__Records for processing__
····················
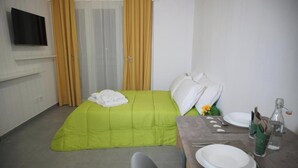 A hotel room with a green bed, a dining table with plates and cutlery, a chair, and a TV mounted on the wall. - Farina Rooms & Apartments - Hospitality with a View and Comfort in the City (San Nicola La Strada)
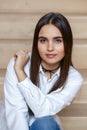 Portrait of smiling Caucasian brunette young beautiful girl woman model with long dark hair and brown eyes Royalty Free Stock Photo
····················
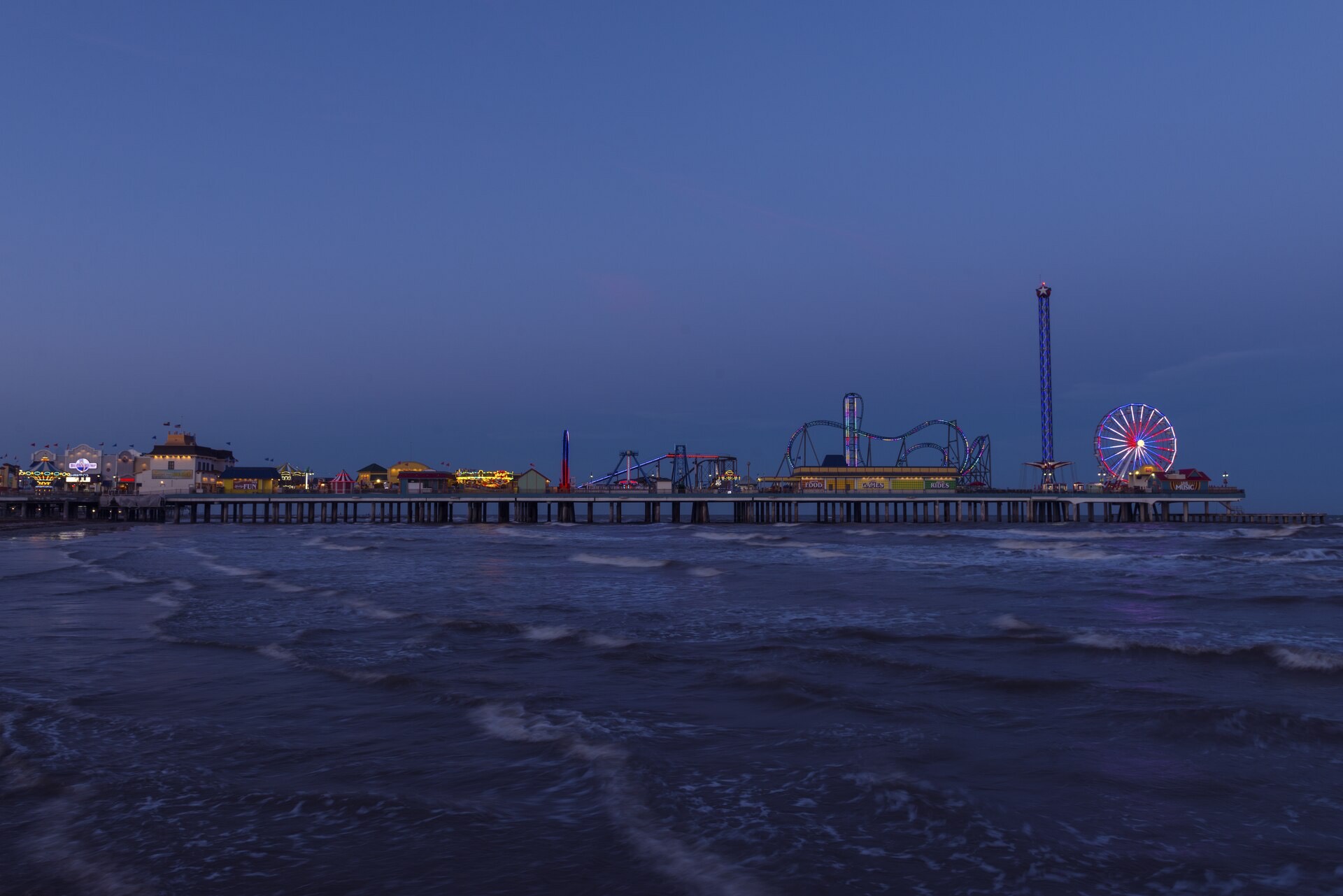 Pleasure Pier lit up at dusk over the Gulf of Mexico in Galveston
····················
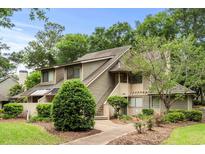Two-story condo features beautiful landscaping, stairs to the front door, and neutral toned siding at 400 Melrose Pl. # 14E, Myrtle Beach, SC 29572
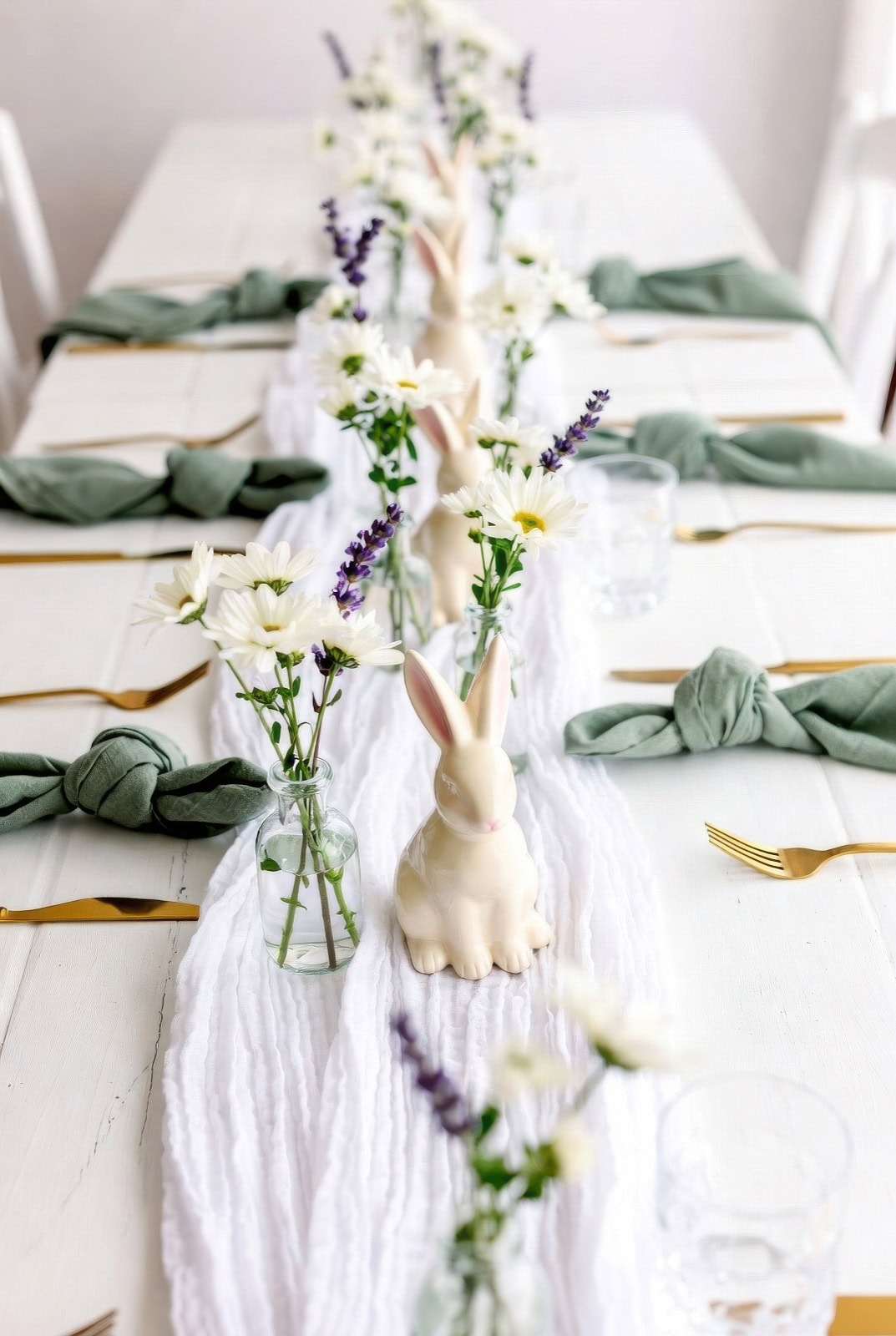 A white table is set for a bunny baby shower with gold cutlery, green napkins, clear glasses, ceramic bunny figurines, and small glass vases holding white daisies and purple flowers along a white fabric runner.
····················
__Problem to work on__
Every line from the one with "A hotel room" through the one with "Portrait of smiling" is to be reproduced exactly as written above, and the pictures are to be dropped.

__Solution for this problem__
 A hotel room with a green bed, a dining table with plates and cutlery, a chair, and a TV mounted on the wall. - Farina Rooms & Apartments - Hospitality with a View and Comfort in the City (San Nicola La Strada)
 Portrait of smiling Caucasian brunette young beautiful girl woman model with long dark hair and brown eyes Royalty Free Stock Photo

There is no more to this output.